Saat itu, pemadaman kebakaran terkendala medan yang berat. Pemadaman api secara konvensional pun tak bisa dilakukan. Sebab, kebakaran berada di ketinggian sekitar 2.800 mdpl.
Petugas juga berhadapan dengan bahaya angin kencang yang membuat api sulit dipadamkan. Di medan ekstrem ini, seorang petugas bahkan bisa terjebak dalam kobaran api, jika tak berhati-hati.
"Sarannya, kalau mematikan api harus memastikan api betul-betul padam. Tidak ada sisa," ungkap Kusworo, Selasa (11/9/2018).
Kusworo bercerita, secara teori, kebakaran hutan atau semak bisa dipadamkan dengan memotong jalur rembetan api. Misalnya, dengan memotong pohon dan membersihkan semak untuk melokalisasi api.
Namun, rupanya saat itu api juga merembet di bawah tanah, sehingga tak tampak. Api ini lantas muncul di lokasi lain sehingga kebakaran tak bisa cepat dipadamkan. Kesulitan juga bertambah lantaran tak ada sumber air yang bisa membantu pemadaman api.

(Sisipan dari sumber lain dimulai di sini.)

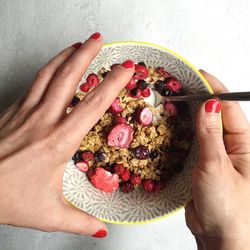 Cropped image of woman holding breakfast bowl on table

"Khawatir ada pendaki atau warga yang terjebak api," ujarnya.
Kondisi kering yang berimbas pada meningkatnya risiko kebakaran juga berarti pertanda bahaya untuk pendaki. Persediaan air bersih pendaki pun harus dipastikan cukup. Pasalnya, pendaki bakal kesulitan mencari sumber air bersih pada musim kemarau.